As an educator one of my goals has always been to help students find a path that not only intrigues them, but also sparks their desire to become a lifelong learner. There are only so many hours in a day and days in the school year, but if I can help students to find their passion and teach them how to educate themselves and grow on their own, I’ve done something that I can be proud of!
Reading about personal learning networks made me think of this bridge of support that has the potential to guide students from what schools have to offer them and what they choose to pursue on an individual and personal level. PLN earned my support for other reasons as well.
Not only is creating lifelong learners a personal goal of mine, but also to show students that learning and studies are their right in our country! Yes, they must learn to read, yes they must learn to write, yes they must learn math skills…however once you have the roots, you can take the reins and explore those ideas that ignite passion within you. When I teach, I try to show my students how learning the foundational skills has helped me soar to beautiful places that I governed and labeled as significant myself, not because a teacher told me to. In other words, I found that PLN were a great motivation for teachers and students alike to learn the basic skills so you can get behind your own wheel and take the journey that you map out for yourself based on your own passions and interests.
That said, I was also very relieved to find that Will Richardson and Rob Mancabelli in their text, Personal Learning Networks – Using the Power of Connections to Transform Edcuation, were also advocates of teaching the necessary skills to succeed in this digital age of over-stimulation and constant distractions. They advocate teaching students skills such as, attention, evaluating, reflection, networking responsibly, and the differences between social networking and learning networks (2011).
In addition to these skills, I would also like to add that it is necessary in our world today to teach students how to effectively communicate with one another. This is one of Tony Wagner’s seven survival skills to prepare students for the work place in his book, The Global Achievement Gap (2008). Communication skills as well as how to unplug and become quiet and centered in a world that tends to keep us spinning all hours of the day and night are going to be essential to educate the whole student and not just a student who will succeed in the work place!
I have to be honest, I am a bit critical when it comes to technology. There is a whole student that needs to be considered when we enter classrooms. There is the student who must earn a living, enter college and become a responsible citizen. However, there are other aspects that we must consider when we teach. How successful are our children going to be if they are strung out and over-stimulated day after day?

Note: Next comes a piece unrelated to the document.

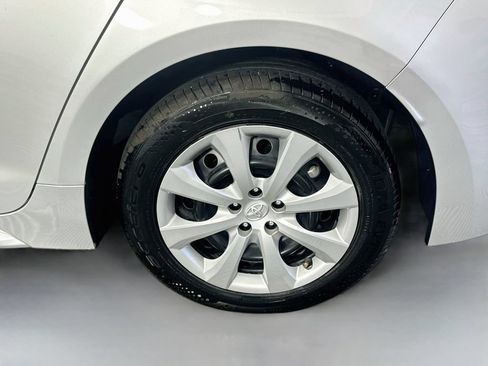 Used 2024 Toyota Corolla LE FWD image 29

We must also teach students the benefits of tending to their other needs, such as de-stressing, laughing, unplugging and enjoying simplicity in life as well. I hope to lead students to success not just in their job, but also as happy participants in their own lives; lives that they have control over. I hope to share with students how to unplug and nourish other aspects of their lives as well. Teach to the whole, not just the future employee. Teach students the joy of writing beyond the opportunity to hold a job. Teach students the joy of reading for the fulfillment of personal curiosity, not just to satisfy a job requirement. Teach for the whole person and their healthy balance in life. There’s the joy of teaching!